(Short descriptive text snippets)
*****

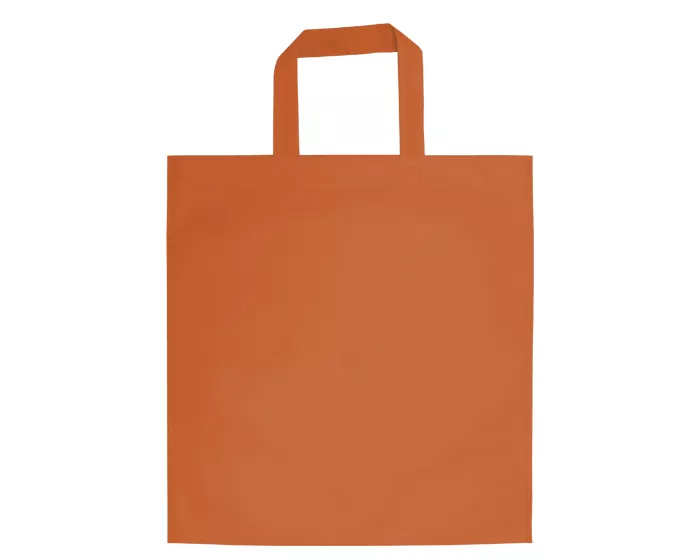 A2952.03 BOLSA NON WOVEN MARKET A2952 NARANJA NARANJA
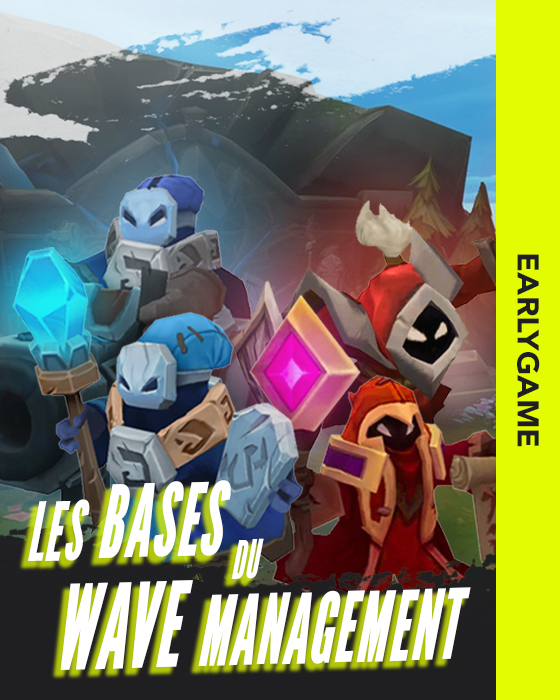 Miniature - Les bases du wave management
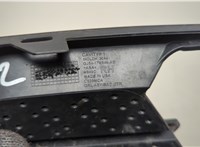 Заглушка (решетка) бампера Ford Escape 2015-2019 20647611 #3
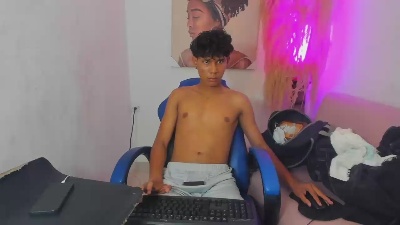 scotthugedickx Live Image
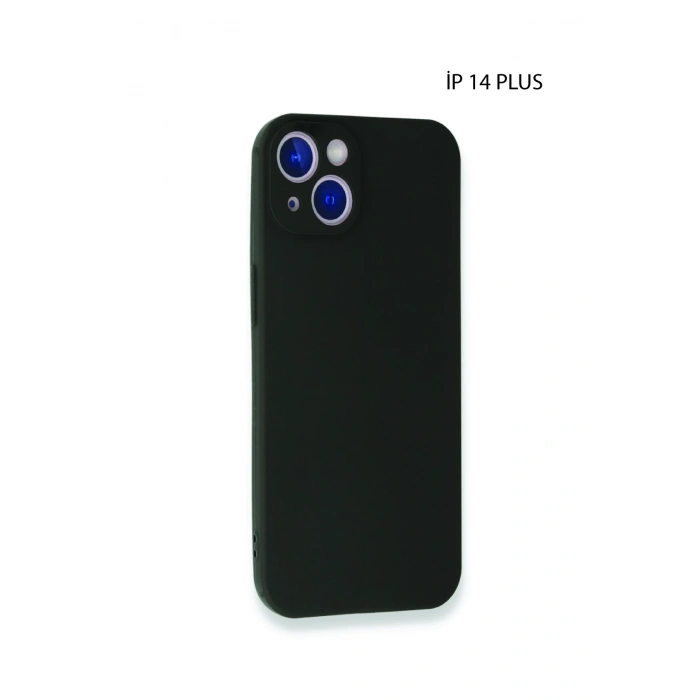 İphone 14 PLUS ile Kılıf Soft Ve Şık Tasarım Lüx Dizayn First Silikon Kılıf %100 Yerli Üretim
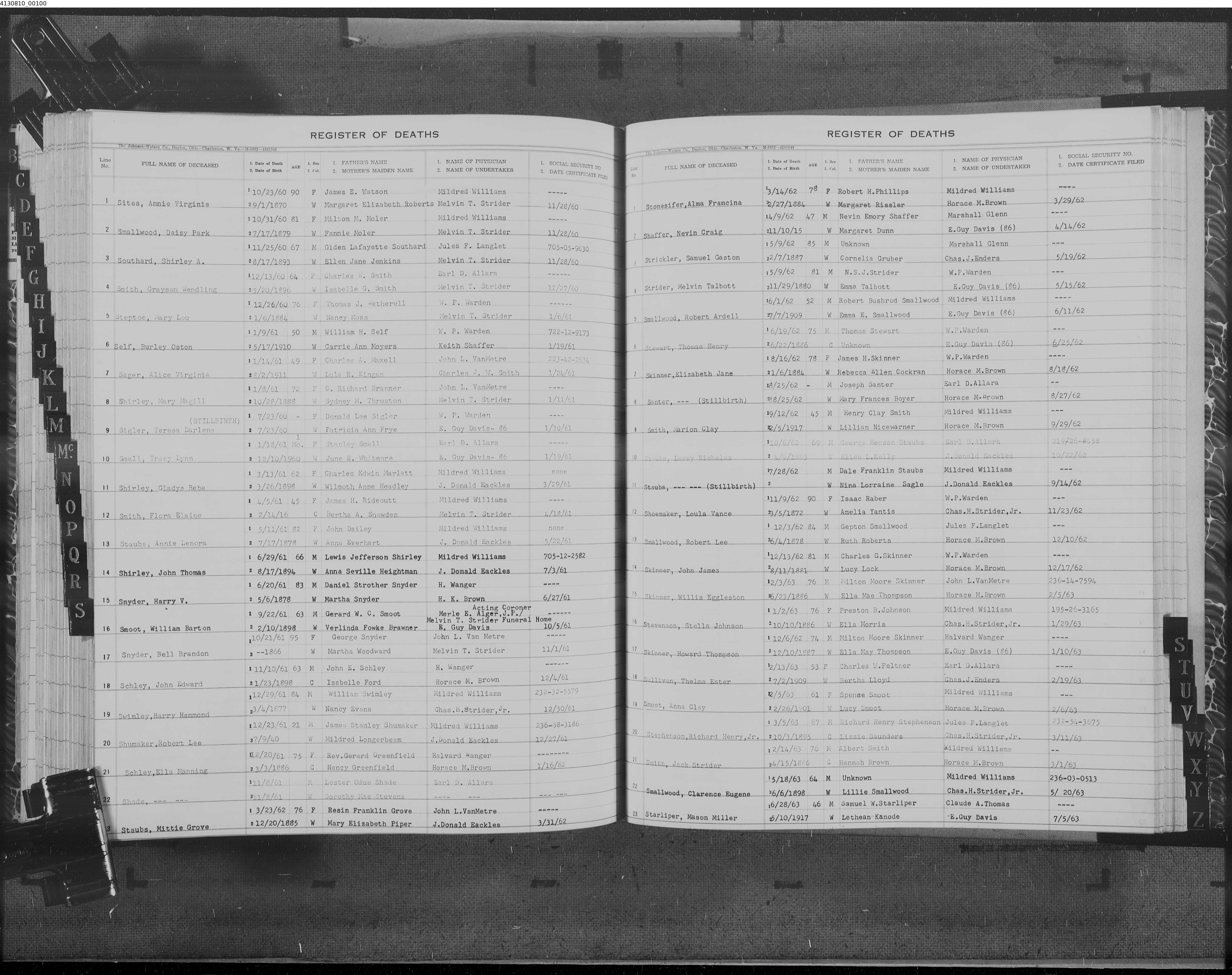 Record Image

*****

*Work order*:
Find the line that contains "İphone 14 PLUS". Reproduce it and every later line of the records exactly, minus the pictures.

*Response area*:
 İphone 14 PLUS ile Kılıf Soft Ve Şık Tasarım Lüx Dizayn First Silikon Kılıf %100 Yerli Üretim
 Record Image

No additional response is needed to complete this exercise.